Refinancing of the debtor to ensure the continuation of its activities under a rehabilitation agreement or reorganisation plan or during a special administration procedure is generally foreseen by the Bankruptcy Code. Such refinancing within the framework of the formal procedures is, in principle, preferentially treated with respect to other creditors.
Effect of insolvency on employees
How does a company’s insolvency affect employees and the company’s legal obligations to employees?
Special legislation applies along with the Bankruptcy Code provisions with regard to the protection of the employees of the debtor following its declaration of bankruptcy.
In general, following the bankruptcy declaration, the syndic may terminate employment contracts of an indefinite duration. Further, bankruptcy is deemed to be a serious cause for the termination of fixed-term employment contracts or contracts for the provision of services. Also, if the syndic foresees the viability of the business, the syndic or the debtor may request the preservation of the necessary positions of employment for a certain time. The terminated employees may participate in the bankruptcy procedure and claim unpaid wages and other benefits incurred before the bankruptcy declaration, as well as their legal severance amounts, while a super privilege is provided for certain claims of employees, under specific conditions. Non-terminated employees will be satisfied from the liquidation proceeds as group creditors.

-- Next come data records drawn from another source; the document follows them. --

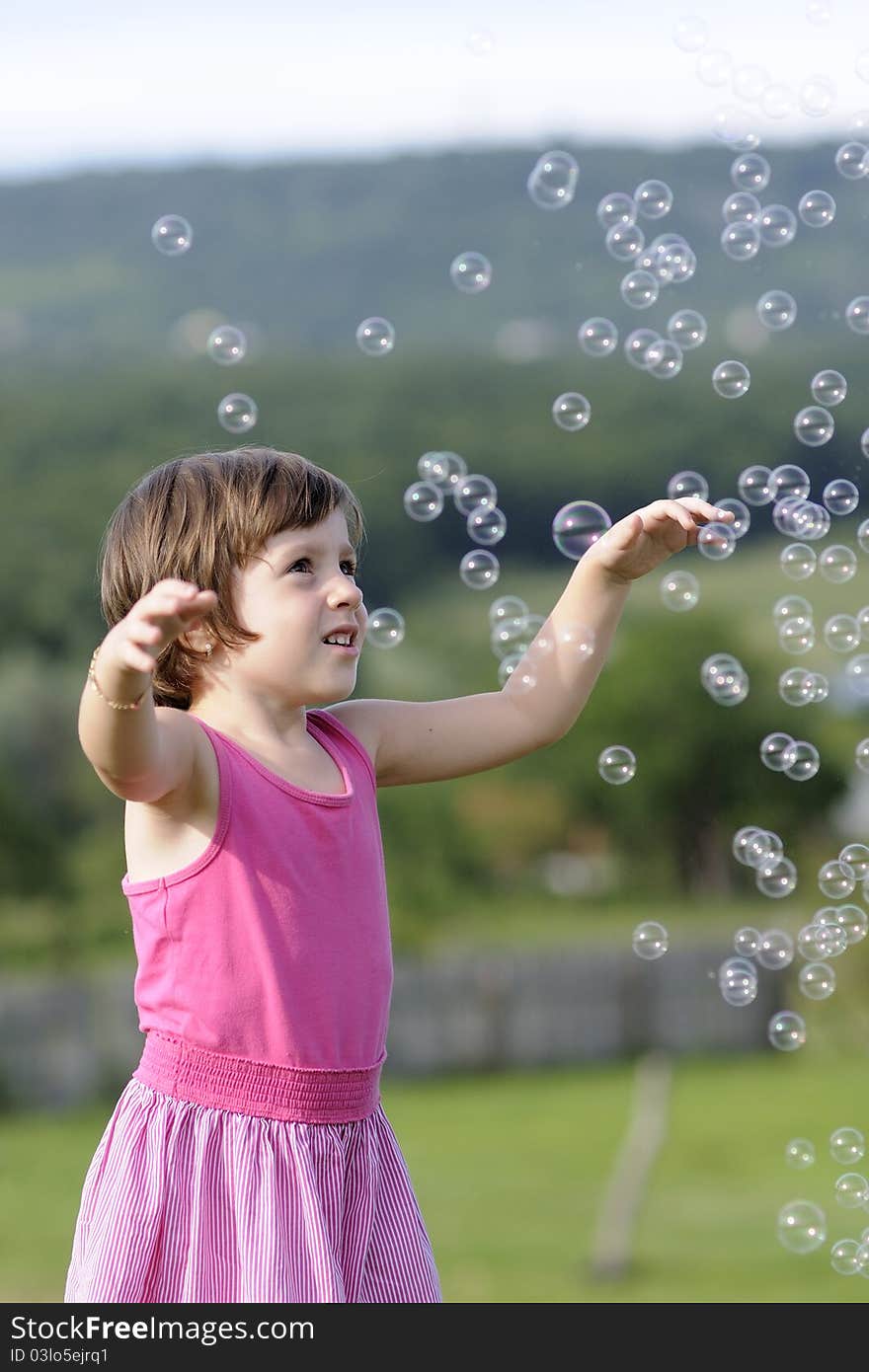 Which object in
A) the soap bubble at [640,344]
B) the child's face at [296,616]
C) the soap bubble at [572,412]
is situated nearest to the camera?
the child's face at [296,616]

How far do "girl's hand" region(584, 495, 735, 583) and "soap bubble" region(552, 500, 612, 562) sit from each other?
0.30 meters

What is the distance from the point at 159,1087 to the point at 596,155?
46.6 meters

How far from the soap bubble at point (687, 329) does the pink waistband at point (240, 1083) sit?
1573mm

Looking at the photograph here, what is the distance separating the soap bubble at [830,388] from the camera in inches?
112

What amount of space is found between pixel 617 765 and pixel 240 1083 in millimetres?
992

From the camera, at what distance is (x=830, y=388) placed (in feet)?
9.43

Provisional measures granted under a rehabilitation procedure do not extend to employee claims unless so ordered by the court due to significant reasons and for a limited time.
Recognition of foreign proceedings
Under what circumstances will the courts in your jurisdiction recognise the validity of foreign insolvency proceedings?
EU Regulation 848/2015 (for proceedings initiated after June 26 2017) provides for the recognition of proceedings initiated in another EU member state, provided that they fulfil the regulation’s requirements. Court decisions of EU member states that do not fall under the ambit of the above regulation may be recognised according to EU Regulation 1215/2012.
Law 3858/2010, adopting the 1997 United Nations Commission on International Trade Law Model Law on Cross-Border Insolvency, applies with regard to non-EU insolvency proceedings. Any other foreign decision may be recognised according to the Code on Civil Procedure following a relevant court decision to this effect.
Winding up foreign companies
What is the extent of the courts’ powers to order the winding up of foreign companies doing business in your jurisdiction?
The insolvency procedures provided under Greek law may be followed by a foreign company, provided that its centre of main interest is in Greece.
Centre of main interests
How is the centre of main interests determined in your jurisdiction?
In line with EU regulation on insolvency proceedings, the Bankruptcy Code provides that the centre of main interest of a debtor is the place where the debtor usually exercises the administration of its interests and is therefore identifiable by third parties. For legal persons, it is presumed, until the opposite is proven, that its centre of main interest is the place of its registered seat.
What is the general approach of the courts in your jurisdiction to cooperating with foreign courts in managing cross-border insolvencies?
EU Regulation 848/2015 provide for cooperation with foreign courts and bankruptcy administrators in case of foreign insolvency proceedings (especially in case of insolvency proceedings involving groups of companies).